COLLECTED MATERIAL.
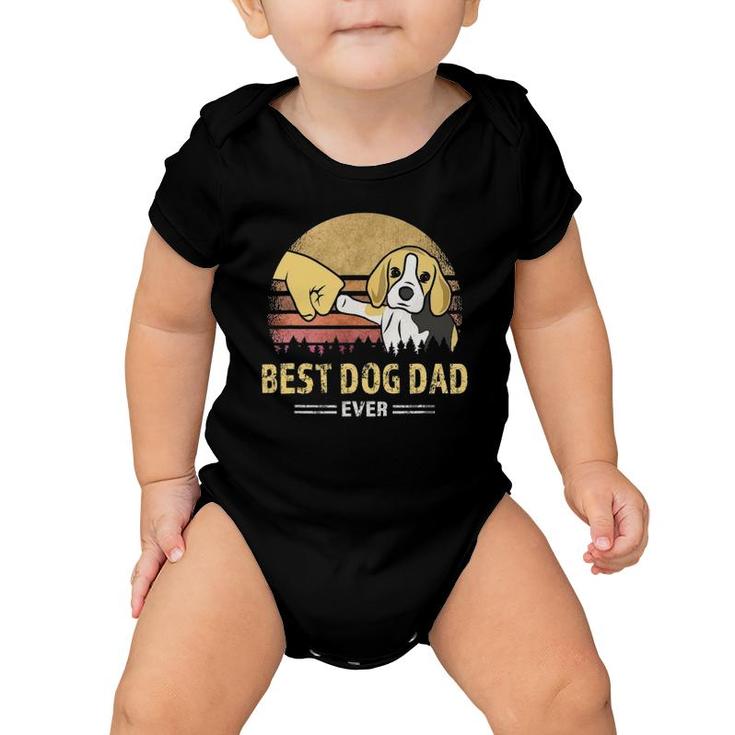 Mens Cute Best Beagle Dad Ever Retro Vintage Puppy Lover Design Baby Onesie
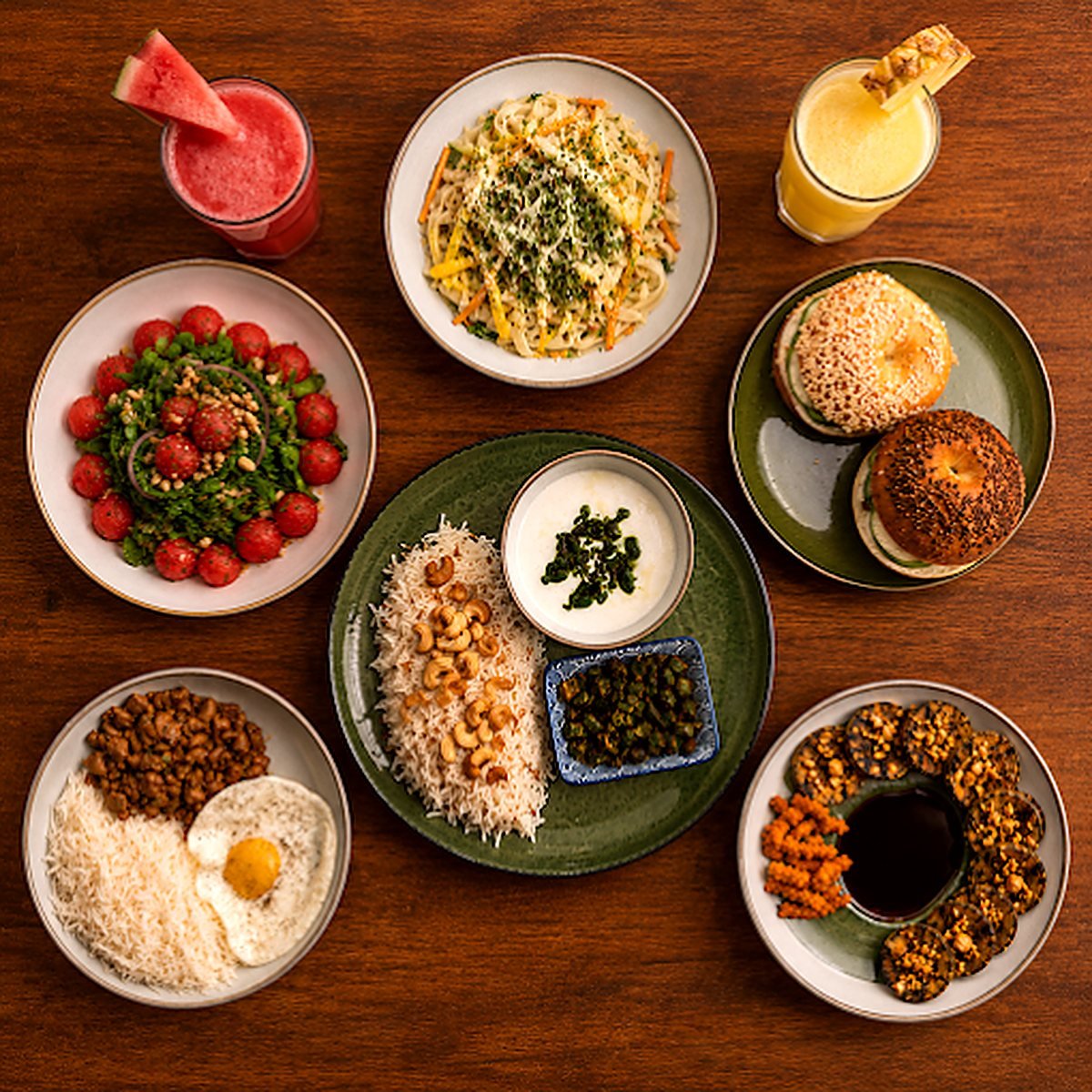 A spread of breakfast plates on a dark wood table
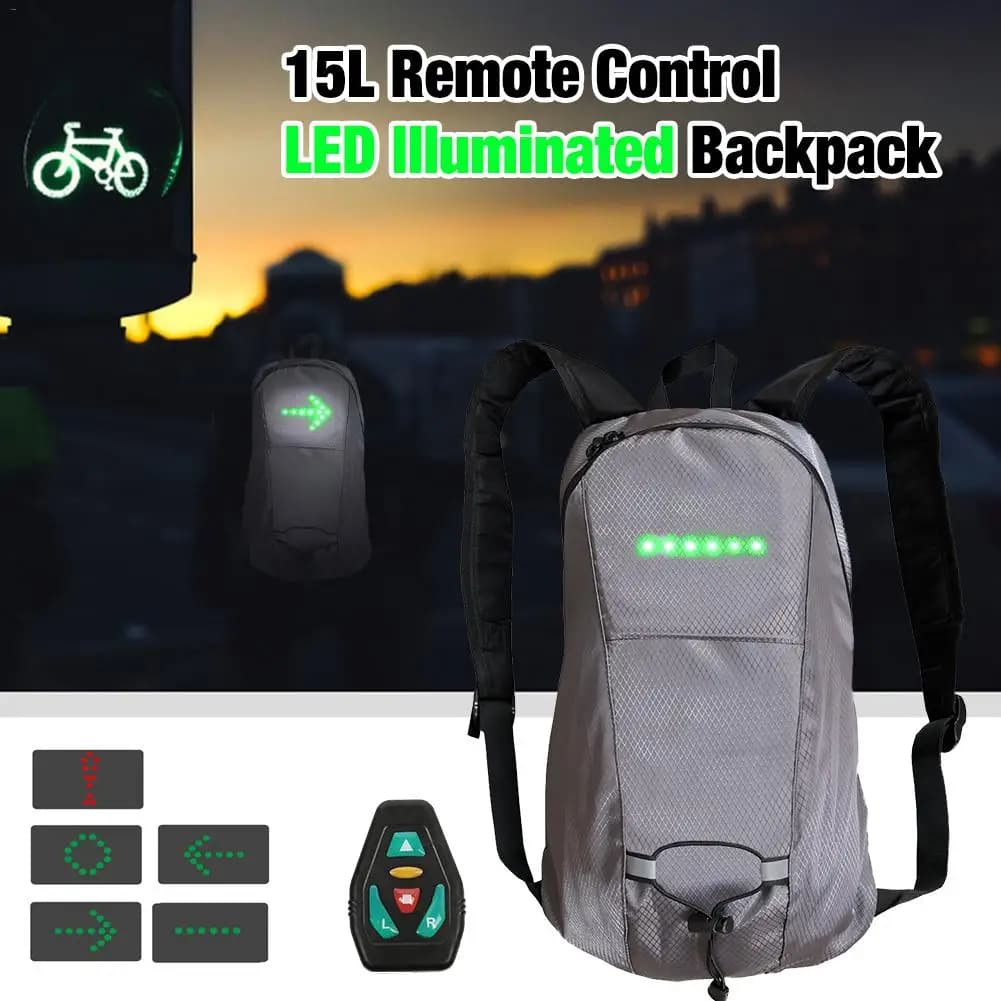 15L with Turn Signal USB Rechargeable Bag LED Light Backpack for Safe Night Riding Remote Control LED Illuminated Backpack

YOUR TASK. Copy all the lines of data exactly as they appear, dropping any images.

TASK RESULT.
 Mens Cute Best Beagle Dad Ever Retro Vintage Puppy Lover Design Baby Onesie
 A spread of breakfast plates on a dark wood table
 15L with Turn Signal USB Rechargeable Bag LED Light Backpack for Safe Night Riding Remote Control LED Illuminated Backpack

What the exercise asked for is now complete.